A Computational Model of the Respiratory CPG for the Artificial Control of Breathing

Round 1

Reviewer 1 Report

Comments and Suggestions for Authors

The manuscript presents a computational model of the respiratory central pattern generator, integrating PreBötC and RTN dynamics for artificial breathing control. The study addresses a timely and relevant topic at the intersection of computational neuroscience, bioengineering, and clinical applications (ECMO and artificial ventilation). While the manuscript is ambitious and demonstrates technical modeling skills, it suffers from several shortcomings in terms of methodological rigor, validation, and clinical translatability. 

Major Concerns:

1.  The work heavily builds on previous computational models of the PreBötC and burstlet theory. The authors claim novelty by integrating RTN-driven chemoreception and real-time sensor input, but this conceptual advance is incremental rather than groundbreaking. The manuscript should more clearly differentiate what is fundamentally new compared to existing models (e.g., Phillips et al. 2022, 2024; Ashhad et al. 2020).
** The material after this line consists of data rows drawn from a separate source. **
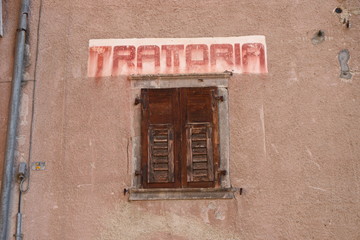 Facciata  vecchia con finestra di una trattoria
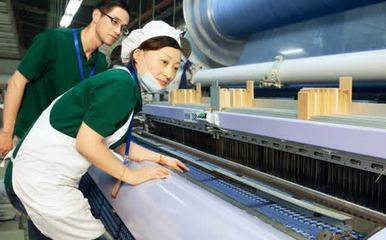 江蘇如東構(gòu)建'工匠搖籃' 校企合作釋放產(chǎn)學(xué)研融合紅利，助推紡織技術(shù)開發(fā)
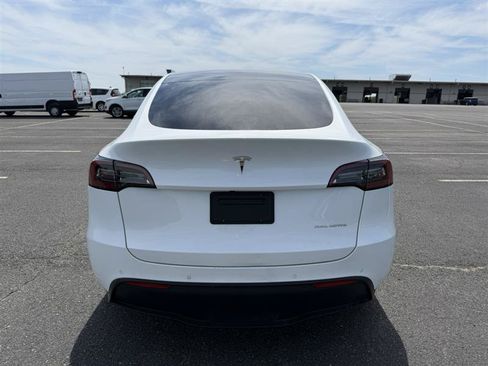 Used 2022 Tesla Model Y Long Range AWD/4WD image 8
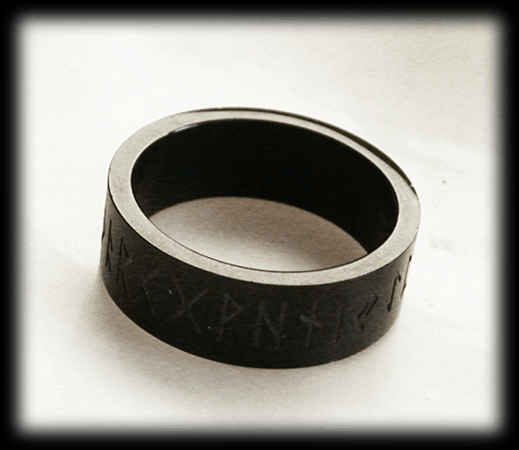 8 mm. Fet runring i svart rostfritt stål. - 4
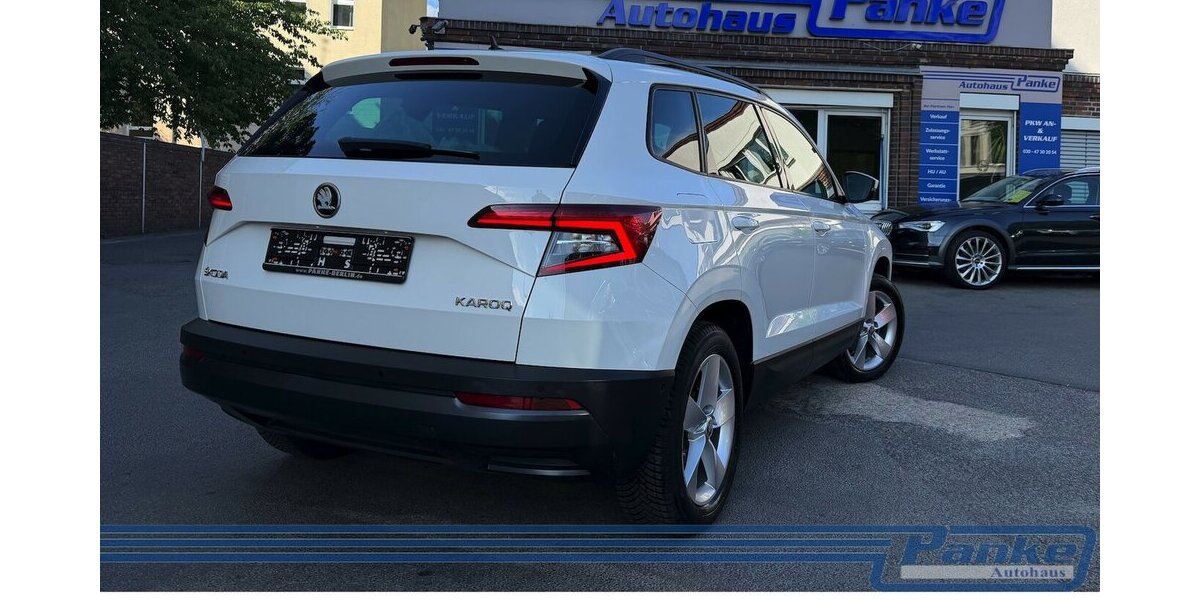 Skoda Karoq Ambition*1-Hand*Automatik*Navi*SHZ*Tempo 60.359 km 17.860 &euro; Berlin 13187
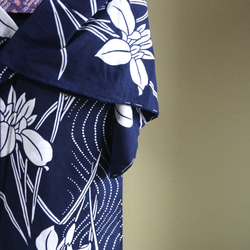 手染め藍染　型染浴衣　紺　幾重にも重なる波紋に凛とした菖蒲　お袖長めトールサイズ　裄69ｃｍ　木綿 16枚目の画像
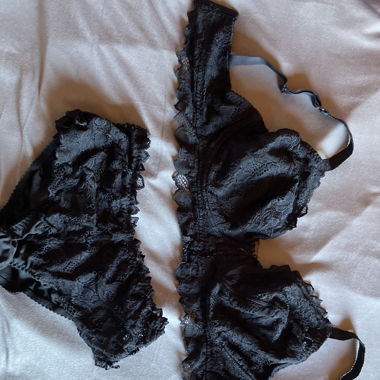 Schwarzer Spitzen BH mit Slip
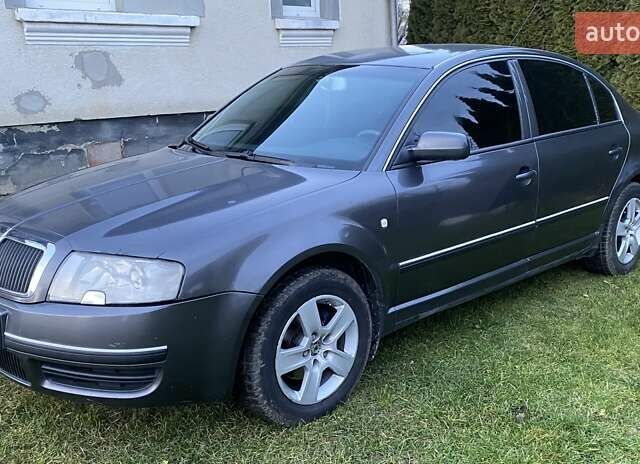 Серый Шкода Суперб, объемом двигателя 1.9 л и пробегом 474 тыс. км за 4500 $, фото 2 на Automoto.ua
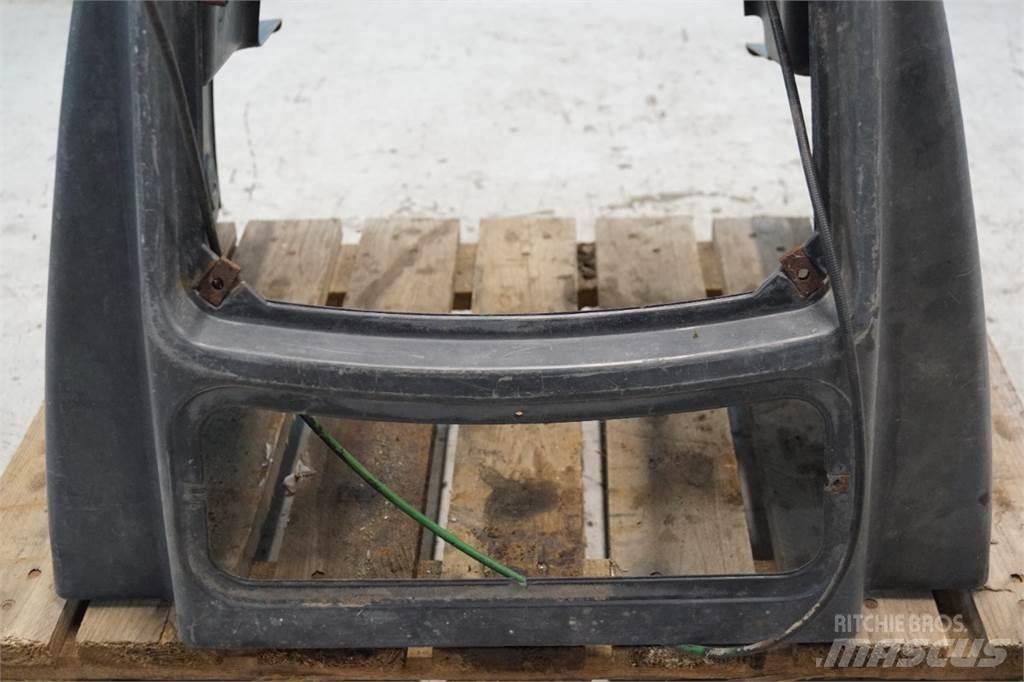 John Deere 3140 Кабина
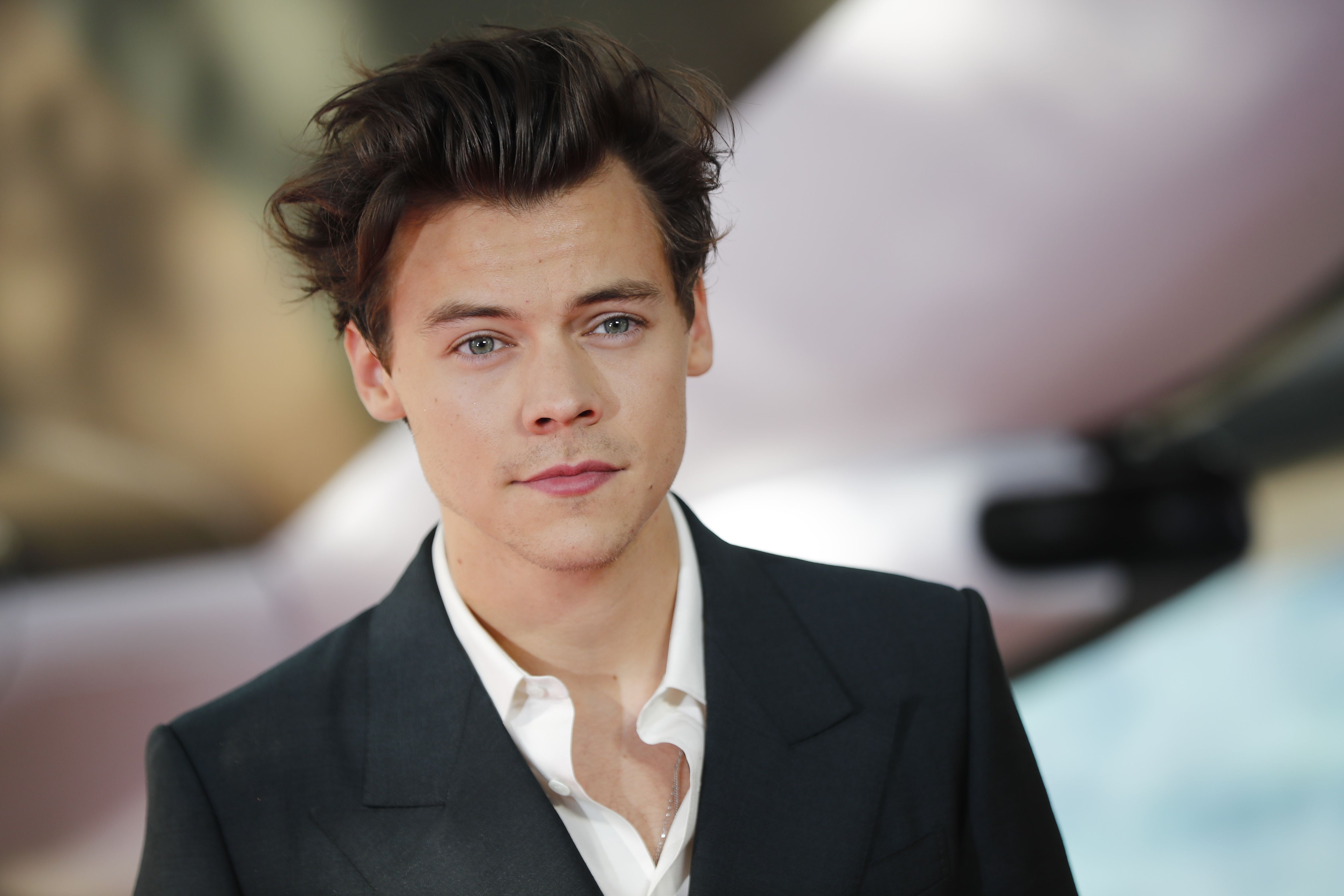 Harry Styles Cuts His Hair Short Ahead Of 'Don't Worry Darling' Filming -  Capital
2. The PreBötC and RTN are modeled with simplified excitatory-only populations, omitting inhibitory and electrical synapses that are known to contribute to synchronization and burst regularization. This abstraction undermines the biological plausibility. The justification for excluding inhibition is insufficient. RTN modeling is overly simplistic (3 spikes at 100 Hz repeated at variable frequency). No validation is provided against experimental firing patterns of RTN neurons under hypercapnia/acidosis.

3. There is no in vitro, in vivo, or patient-derived validation of the model. All claims about clinical applicability (ECMO, intelligent weaning, artificial ventilation) remain speculative. At minimum, the model’s outputs should be compared with published respiratory data (frequency, variability, chemoreflex responses).

4. Many parameters (e.g., connection probabilities, synaptic weights) are “adjusted to obtain desired behavior”, which raises concerns of overfitting and weakens predictive value.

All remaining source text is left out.